Sidecar metadata YAML file reference

Every notebook in a Times Square GitHub repository has an associated sidecar metadata file. These files have the same path and name as the notebook, but with a .yaml extension.

This page explains the contents (schema) of the sidecar metadata files. For a more general introduction to authoring notebooks for Times Square, see How to write a notebook for Times Square.

Example file

Example sidecar metadata file.
title: Weather
description: Synopsis of weather conditions for an observing night.
authors:
  - name: Jonathan Sick
    slack: jonathansick
tags:
  - night-reports
  - demo
parameters:
  date:
    type: string
    description: Night (YYYY-MM-DD)
    default: "2024-01-08"
  other_parameter:
    type: integer
    description: Another parameter
    default: 42
    minimum: 0
    maximum: 100

YAML field reference

title

(string) This is the title of the notebook as it appears in the Times Square UI.

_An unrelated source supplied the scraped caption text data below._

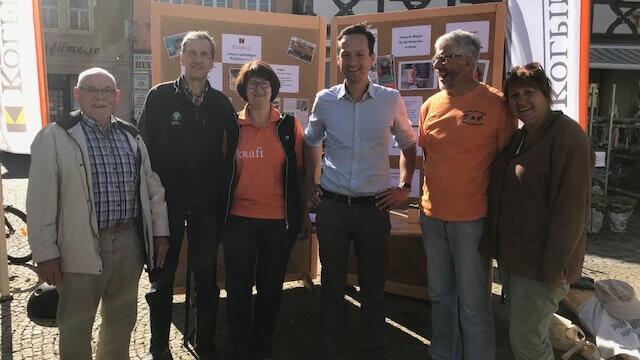 Kolpingmitglieder mit dem Landrat von Schweinfurt, Florian Töpper (Vierter von links) beim Markt der Nachhaltigkeit.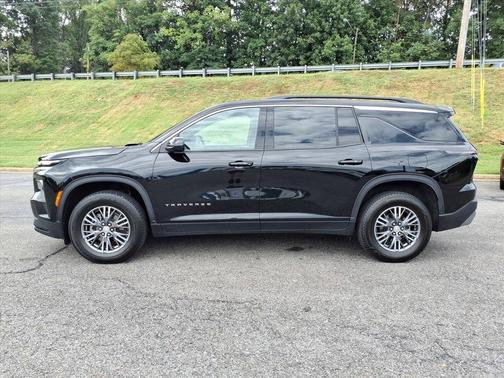 Mosaic Black Metallic 2025 Chevrolet Traverse LT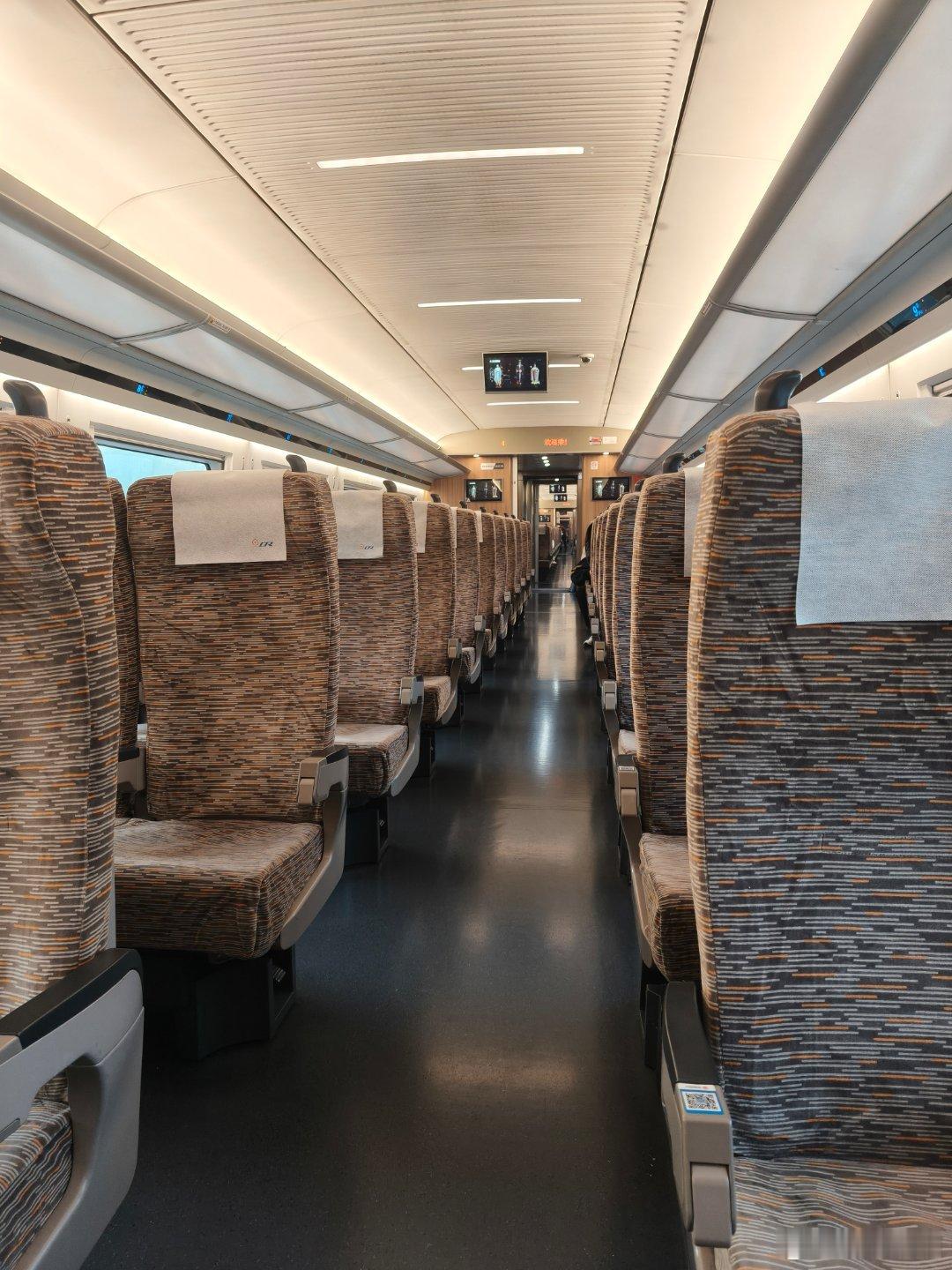 早起，高铁上人真少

It should be fairly short because it is displayed in a narrow column.

The name can be contextual with the notebook’s directory path (and repository name and even GitHub organization name).

description

(Markdown string, optional) This is the description of the notebook as it appears in the Times Square UI. The description can be formatted as Markdown to include links to other URLs.

authors

(array of objects, optional) A notebook can have multiple authors. Each author is an object with the following fields:

  • name (string) The name of the author.

  • slack (string, optional) The Rubin Slack username of the author.

  • email (string, optional) The email address of the author.

  • affiliation_name (string, optional) The name of the author’s affiliation.

tags

(array of strings, optional) A notebook can have multiple tags. Each tag is a string.

parameters

(mapping of objects, optional) A notebook can have multiple parameters. A parameter is a user-configurable value that is set in the notebook when it is executed. For more information about parameter types, see Parameter types.

The name of each parameter is the Python variable name that is set in the notebook. Thus each parameter name must be a valid Python variable name.

For example:

Valid parameter names
parameters:
  start_date:
    type: string
    default: 2024-02-01
  end_date:
    type: string
    default: 2024-02-29
Invalid parameter names
parameters:
  start date:
     type: string
     default: 2024-02-01
  end-date:
     type: string
     default: 2024-02-29

Each parameter is an object with the following fields:

  • type (string, required) is one of:

    • string

    • integer (whole number)

    • number (floating-point number)

    • boolean

  • default (string, required) is the default value of the parameter.

  • description (Markdown string) is the description of the parameter as it appears in the Times Square UI.

  • minimum (integer or number, optional) is the minimum value of the parameter, for numeric parameters.

  • maximum (integer or number, optional) is the maximum value of the parameter, for numeric parameters.